Lindsay thinks she’s gotten Herbert Love to go against the wall between Mexico and the U.S., but all she’s done is get him against the wall of a hotel room. In a sex way. Arrested has always leaned on miscommunications for joke setups, but I can’t be brought to care about this half-baked immigration plot. Gimme the jokes. Gimme the Bluths. The wall and the machinations? Eh. I’m not really sold at this point.

Lindsay and Michael’s eternal hug moment is okay, but it works as a funny alternative to the TV thing where characters speak privately while obviously in earshot of the character they’re trying to keep a secret from. The gag pays off when Michael and Lindsay decide their story is that they just met each other. I always give three 30-second hugs to people I just met. Super normal.
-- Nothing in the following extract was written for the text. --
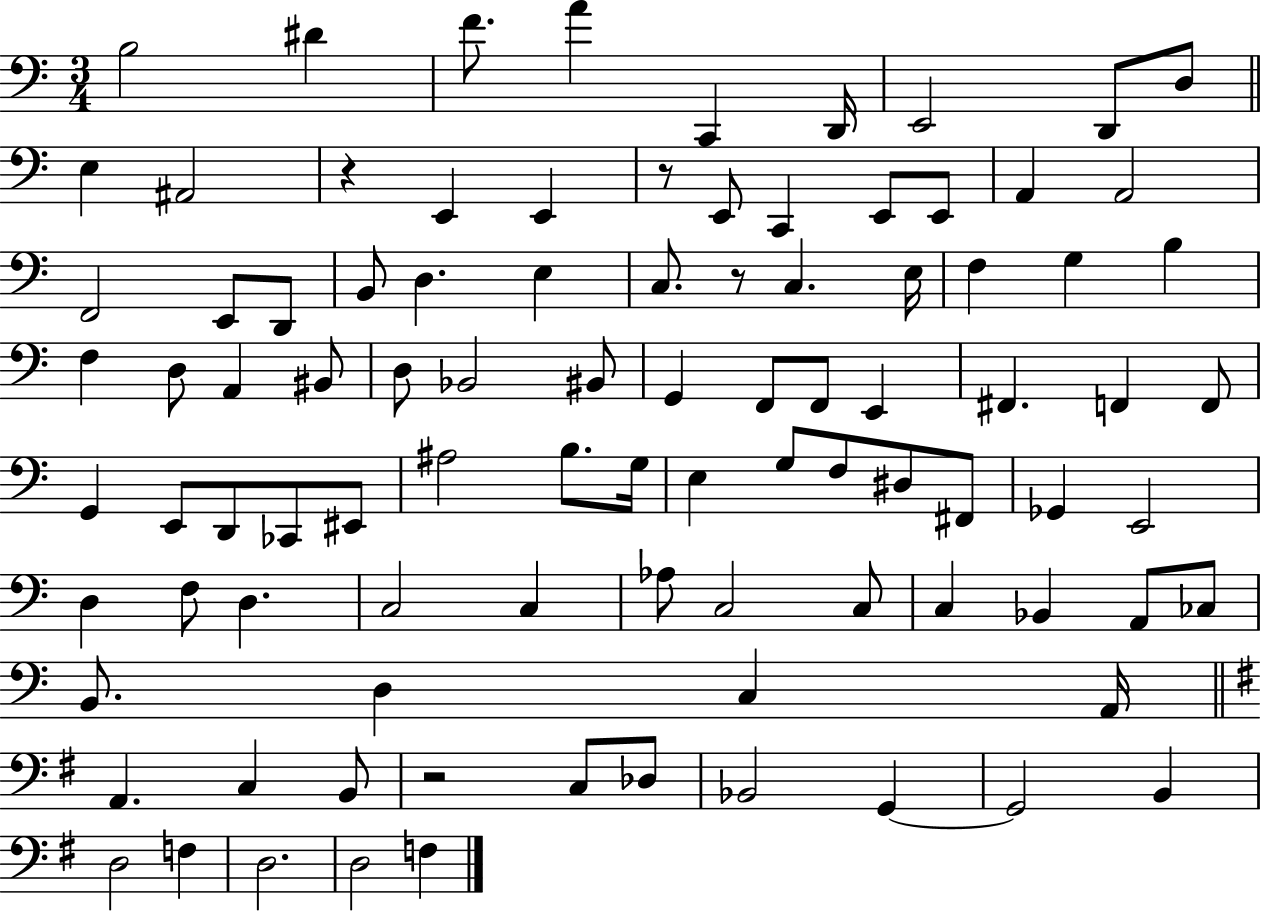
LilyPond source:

At dinner with Michael, Rebel can’t stand finding herself within spitting distance of the paradoxically charming yet politically vile Herbert Love. Love’s politician-isms are truly vapid gems: “The beautiful American ocean!” “The great American scallop!” I love Howard Love. Terry Crews and Portia de Rossi have a wonderful dynamic together. But things go sour, as they always do with the Bluth family. 

Lindsay, pissed at Love and both Lucilles, hits the stage to take Love down. It’s not the gesture of real activism Lindsay thinks she’s always had in her; it’s just more Bluthian self-interest, in this case a way to avoid being outed as Love’s mistress. Lindsay finds the hateful crowd easy to please and soaks up the power. And now Lindsay is a Republican running for office.

Odds and Ends

  • Probably the only time we’ll see Annyong, but easily the best “on the next Arrested Development” of the new season so far. Amazing. “Good-bye, Annyong.”
  • Great flashback to Lindsay’s brutally shallow student-council campaign. “Rich, pretty, thin — Sally Sitwell’s not even that hot.” Sally’s comeback: “I won’t leave for two months and come back with a new nose like Lindsay did.”
  • “I’ll be out on parole by the time you work up a tear,” Lucille burns Lindsay. “Okay, so you figured it out, Gene Parmesan,” Lindsay retorts.
  • Maeby’s check reads Gangie 4: Facelift. It’s not Lucille bankrolling a surgery, it’s Maeby’s paycheck for working on a fourth installment of a Lucille-inspired horror film we saw in season three.
  • Great reference to the “finish each other’s —” “— sandwiches” exchange between Michael and Lindsay from way back when.